İslam’da sosyal adalet ve iyilik
- GİRİŞ08.08.2023 09:28
- GÜNCELLEME09.08.2023 09:22
Sağlıklı bir toplumda, adalet, toplumun bütününde yaygın olarak bulunur. adaletin esas alındığı bir toplumda, insanlar, sosyal ilişkilerde, bütün davranışlarında mutedil ve ölçülü olur; konuşmalarında, basında tartışmalarında, alışverişlerinde, çalışmalarında, siyasetlerinde vs. adaleti gözetirler.

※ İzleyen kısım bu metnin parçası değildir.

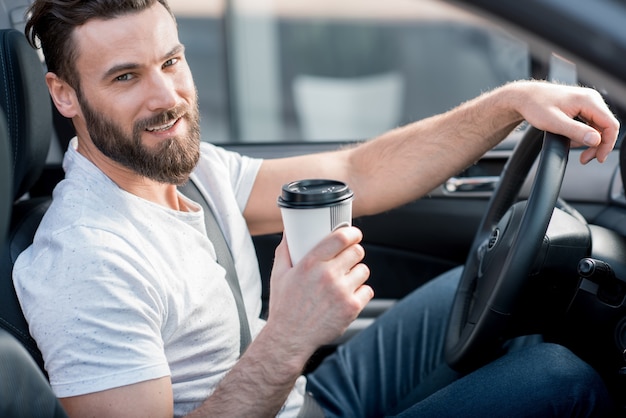 Retrato de um homem bonito vestido de cassual com camiseta branca dirigindo um carro com café para ir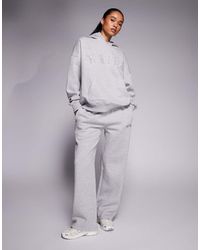 Kaiia - Cotton Rich Embroidered Logo Wide Leg Sweatpants - Lyst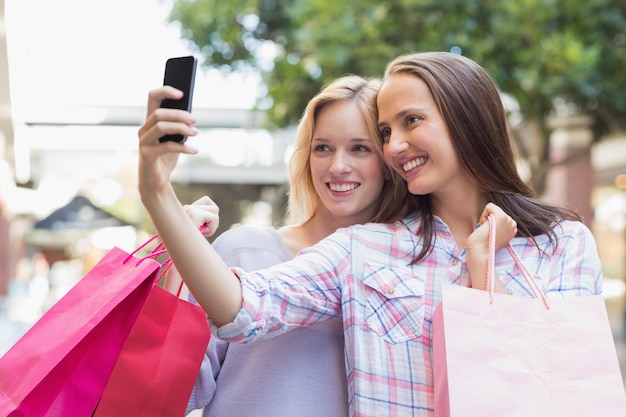 Foto amigas felizes tomando um selfie e segurando sacolas de compras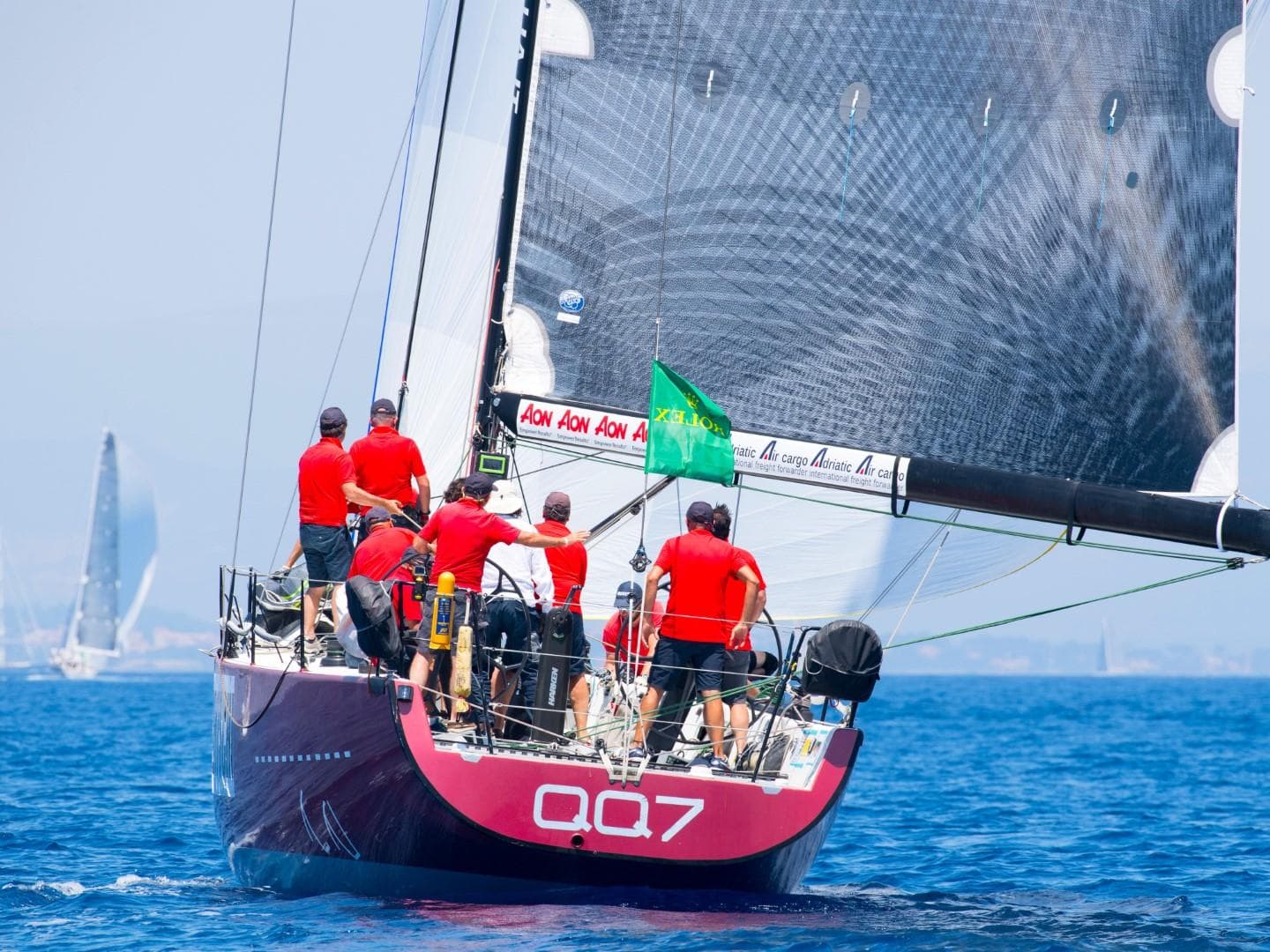 Sailboat Goetz Farr 53 Custom 2003 with crew in red shirts racing on blue ocean.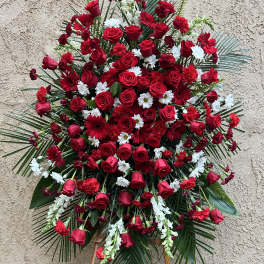 Large standing floral spray with red roses and white daisies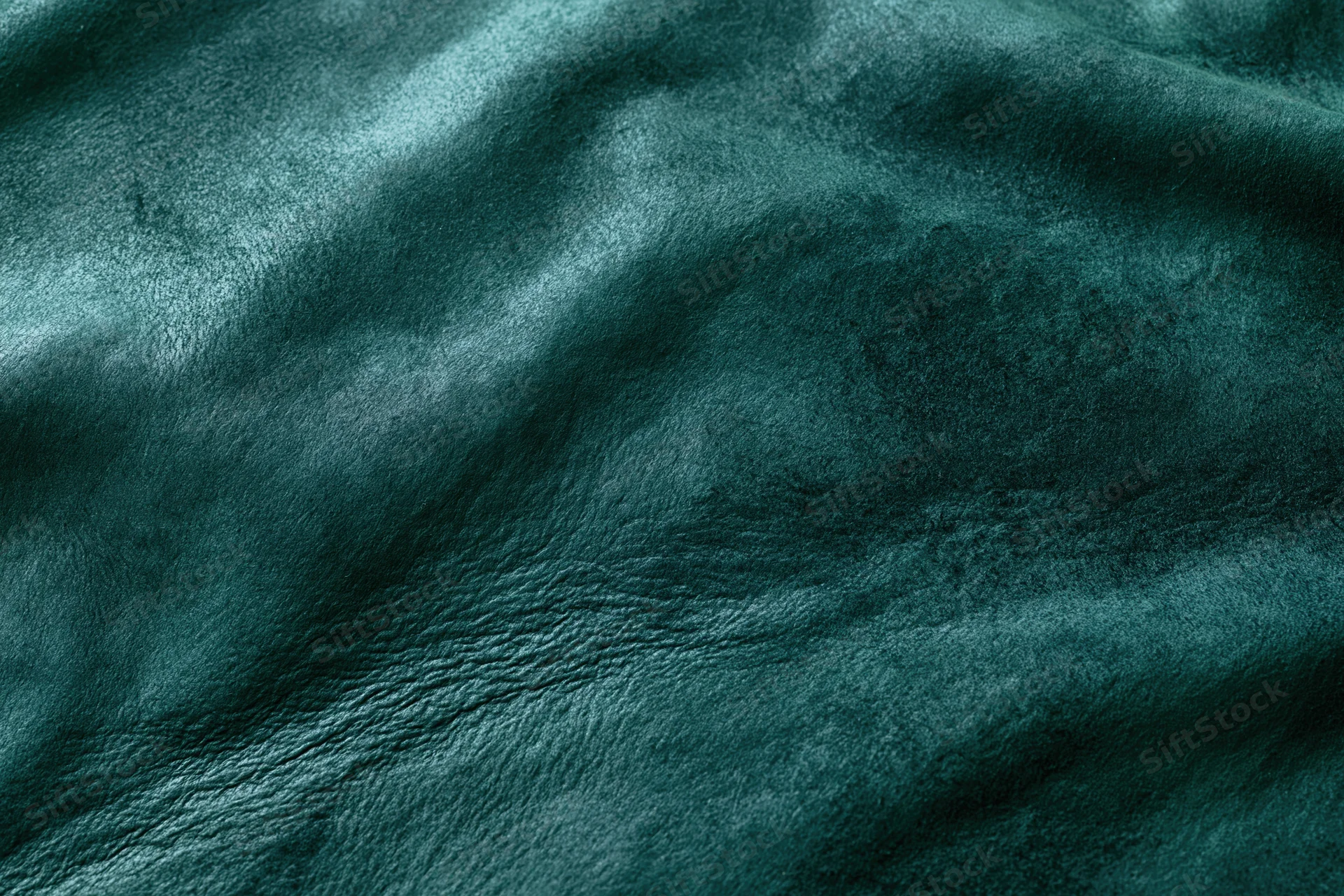 Close-up flat lay of dark forest green leather or suede material with visible texture and wrinkles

Müslüman toplumda adâletin tesisinde, farklı kimlikleri, farklı statü ve rolleri içinde barındıran bir toplum yapısında; toplumsal meşrûluğun ve halkın rızasının belirleyici olduğu dikkatten kaçmamaktadır.
İSLAMDA SOSYAL ADALET
İslam'ın kurmayı amaçladığı toplumda, sosyal ilişkilerde adâlet esastır. Müslüman toplumda insanlar, kendilerine emredilen adalet esasında hareket eder ve adaleti toplumda yaygınlaştırır:
“Muhakkak ki Allah adaleti, ihsanı, akrabaya karşı cömert olmayı emreder; hayâsızlığı, kötülüğü ve zorbalığı yasaklar. İşte Allah, aklınızı başınıza alasınız diye size böyle öğüt veriyor.” (Nahl Suresi; Ayet: 90)
“Kur’an’ın en kapsamlı âyeti” olan bu ayetteki adalet ve ihsan kelimelerine çeşitli anlamlar verilmiştir: a) Adalet, kelime-i şehâdeti benimsemek, ihsan Allah’ın buyruklarını yerine getirmek, Allah rızâsı için gerektiğinde çeşitli maddî ve mânevî sıkıntılara katlanmak; b) Adalet insanın içiyle dışının bir olması, ihsan içinin dışından daha da temiz olması; c) Adalet insaflı olmak, ihsan özveride bulunmak; d) Adalet kişinin Allah’a ortak koşmaktan sakınması, ihsan Allah’ı görür gibi ibadet etmesi ve kendisi için istediği iyilikleri başkaları için de istemesi; e) Adalet, tevhid; ihsan, tevhitte samimiyet, yani ihlas.
Râgıb el-İsfahânî’nin “Adalet, iyiliğe karşı iyilik, kötülüğe karşı kötülük olmak üzere yapılana denk bir şekilde karşılık vermektir; ihsan ise iyiliğe daha fazlasıyla, kötülüğe daha azıyla karşılık vermektir” şeklindeki tanımı (el-Müfredât, “adl” md.) İslâm âlimlerinin konuyla ilgili anlayışlarının bir özeti sayılabilir.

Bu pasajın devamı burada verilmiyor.